Data records
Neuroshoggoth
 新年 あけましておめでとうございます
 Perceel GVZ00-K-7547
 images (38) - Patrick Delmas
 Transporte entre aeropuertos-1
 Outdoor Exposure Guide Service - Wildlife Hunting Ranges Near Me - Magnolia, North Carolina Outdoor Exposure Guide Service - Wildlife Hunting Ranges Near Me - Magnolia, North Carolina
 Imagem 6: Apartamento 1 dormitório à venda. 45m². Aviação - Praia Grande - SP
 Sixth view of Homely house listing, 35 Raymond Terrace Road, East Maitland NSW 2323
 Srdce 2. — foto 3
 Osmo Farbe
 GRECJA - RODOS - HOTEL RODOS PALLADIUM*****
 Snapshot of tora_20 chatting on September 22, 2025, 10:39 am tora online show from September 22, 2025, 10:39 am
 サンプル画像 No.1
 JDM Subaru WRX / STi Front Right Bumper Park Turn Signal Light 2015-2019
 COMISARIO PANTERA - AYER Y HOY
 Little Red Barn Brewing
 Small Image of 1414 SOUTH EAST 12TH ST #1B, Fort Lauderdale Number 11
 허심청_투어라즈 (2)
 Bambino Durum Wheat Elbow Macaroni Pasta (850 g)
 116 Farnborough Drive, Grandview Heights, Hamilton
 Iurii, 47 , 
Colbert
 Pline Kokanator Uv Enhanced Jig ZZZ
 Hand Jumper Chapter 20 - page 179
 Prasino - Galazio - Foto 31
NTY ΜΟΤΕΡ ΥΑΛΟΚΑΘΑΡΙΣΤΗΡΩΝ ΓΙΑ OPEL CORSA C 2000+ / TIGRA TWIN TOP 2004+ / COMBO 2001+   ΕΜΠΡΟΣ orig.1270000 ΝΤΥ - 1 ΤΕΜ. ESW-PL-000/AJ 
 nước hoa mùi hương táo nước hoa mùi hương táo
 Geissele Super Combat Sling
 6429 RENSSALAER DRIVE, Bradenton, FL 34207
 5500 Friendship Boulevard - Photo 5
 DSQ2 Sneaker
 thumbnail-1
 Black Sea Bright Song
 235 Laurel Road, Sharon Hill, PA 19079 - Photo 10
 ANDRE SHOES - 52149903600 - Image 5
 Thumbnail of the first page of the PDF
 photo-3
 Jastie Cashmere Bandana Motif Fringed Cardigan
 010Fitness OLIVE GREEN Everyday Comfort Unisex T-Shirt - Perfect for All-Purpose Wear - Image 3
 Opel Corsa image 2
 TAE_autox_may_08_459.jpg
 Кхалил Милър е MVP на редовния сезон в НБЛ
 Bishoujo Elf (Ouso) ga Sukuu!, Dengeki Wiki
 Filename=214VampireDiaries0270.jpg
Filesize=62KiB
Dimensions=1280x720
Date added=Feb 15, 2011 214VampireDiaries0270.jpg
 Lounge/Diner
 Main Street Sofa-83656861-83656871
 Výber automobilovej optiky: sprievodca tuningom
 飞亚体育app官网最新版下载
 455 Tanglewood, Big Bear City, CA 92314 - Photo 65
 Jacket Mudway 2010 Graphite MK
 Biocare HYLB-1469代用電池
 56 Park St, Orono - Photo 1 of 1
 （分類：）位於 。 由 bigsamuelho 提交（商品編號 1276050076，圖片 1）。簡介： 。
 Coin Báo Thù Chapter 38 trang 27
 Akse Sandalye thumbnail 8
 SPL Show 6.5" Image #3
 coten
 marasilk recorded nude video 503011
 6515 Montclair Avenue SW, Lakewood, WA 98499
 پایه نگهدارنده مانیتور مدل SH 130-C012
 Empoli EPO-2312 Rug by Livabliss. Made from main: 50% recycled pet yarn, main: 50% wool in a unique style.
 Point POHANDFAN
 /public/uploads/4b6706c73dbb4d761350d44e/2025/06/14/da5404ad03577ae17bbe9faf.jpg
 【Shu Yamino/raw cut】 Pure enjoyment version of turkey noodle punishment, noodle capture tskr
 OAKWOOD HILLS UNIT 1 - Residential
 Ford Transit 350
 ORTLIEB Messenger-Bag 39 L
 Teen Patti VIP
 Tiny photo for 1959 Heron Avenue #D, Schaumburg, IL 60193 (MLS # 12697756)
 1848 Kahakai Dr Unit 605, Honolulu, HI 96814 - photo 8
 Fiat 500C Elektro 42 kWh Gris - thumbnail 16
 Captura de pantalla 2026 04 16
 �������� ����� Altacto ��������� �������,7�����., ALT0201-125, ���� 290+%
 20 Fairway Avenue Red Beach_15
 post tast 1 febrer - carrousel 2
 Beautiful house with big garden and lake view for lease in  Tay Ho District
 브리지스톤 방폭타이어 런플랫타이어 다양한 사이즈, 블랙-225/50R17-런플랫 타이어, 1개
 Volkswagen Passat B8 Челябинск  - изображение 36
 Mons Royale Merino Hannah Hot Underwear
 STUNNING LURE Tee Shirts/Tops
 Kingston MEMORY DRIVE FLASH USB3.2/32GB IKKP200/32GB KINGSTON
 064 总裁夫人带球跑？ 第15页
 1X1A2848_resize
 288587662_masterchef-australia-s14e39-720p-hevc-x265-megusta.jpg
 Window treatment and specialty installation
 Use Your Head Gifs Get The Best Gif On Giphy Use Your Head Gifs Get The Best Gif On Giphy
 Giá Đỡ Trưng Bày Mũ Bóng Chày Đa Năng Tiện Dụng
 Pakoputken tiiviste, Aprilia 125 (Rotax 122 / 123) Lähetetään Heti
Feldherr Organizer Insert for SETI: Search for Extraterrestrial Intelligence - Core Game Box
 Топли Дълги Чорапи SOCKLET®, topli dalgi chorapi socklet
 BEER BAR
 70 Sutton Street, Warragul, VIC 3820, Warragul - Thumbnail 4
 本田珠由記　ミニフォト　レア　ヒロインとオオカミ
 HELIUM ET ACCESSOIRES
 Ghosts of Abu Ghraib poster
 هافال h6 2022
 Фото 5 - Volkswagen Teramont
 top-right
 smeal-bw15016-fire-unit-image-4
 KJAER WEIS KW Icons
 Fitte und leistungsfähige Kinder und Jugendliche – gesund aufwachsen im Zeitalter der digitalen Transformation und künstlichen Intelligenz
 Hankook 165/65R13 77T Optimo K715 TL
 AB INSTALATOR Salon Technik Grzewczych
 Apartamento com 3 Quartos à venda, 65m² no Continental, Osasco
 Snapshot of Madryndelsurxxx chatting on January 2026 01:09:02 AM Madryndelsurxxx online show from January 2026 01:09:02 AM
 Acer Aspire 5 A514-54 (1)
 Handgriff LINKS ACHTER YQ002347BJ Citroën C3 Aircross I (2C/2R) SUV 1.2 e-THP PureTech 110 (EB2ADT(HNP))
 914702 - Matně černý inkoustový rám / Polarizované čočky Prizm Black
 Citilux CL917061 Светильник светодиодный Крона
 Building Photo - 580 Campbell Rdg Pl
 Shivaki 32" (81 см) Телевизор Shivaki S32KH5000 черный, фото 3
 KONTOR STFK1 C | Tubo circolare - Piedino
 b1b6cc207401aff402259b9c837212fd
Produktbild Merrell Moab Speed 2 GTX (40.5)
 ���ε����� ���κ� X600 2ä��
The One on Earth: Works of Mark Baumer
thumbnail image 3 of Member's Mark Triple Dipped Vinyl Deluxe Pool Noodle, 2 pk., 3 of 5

-- EXERCISE --
Reproduce, with no other lines, the one containing "The One on Earth: Works of Mark Baumer" and all lines after it through the end of the data above.

-- SOLUTION FOR THIS PROBLEM --
The One on Earth: Works of Mark Baumer
thumbnail image 3 of Member's Mark Triple Dipped Vinyl Deluxe Pool Noodle, 2 pk., 3 of 5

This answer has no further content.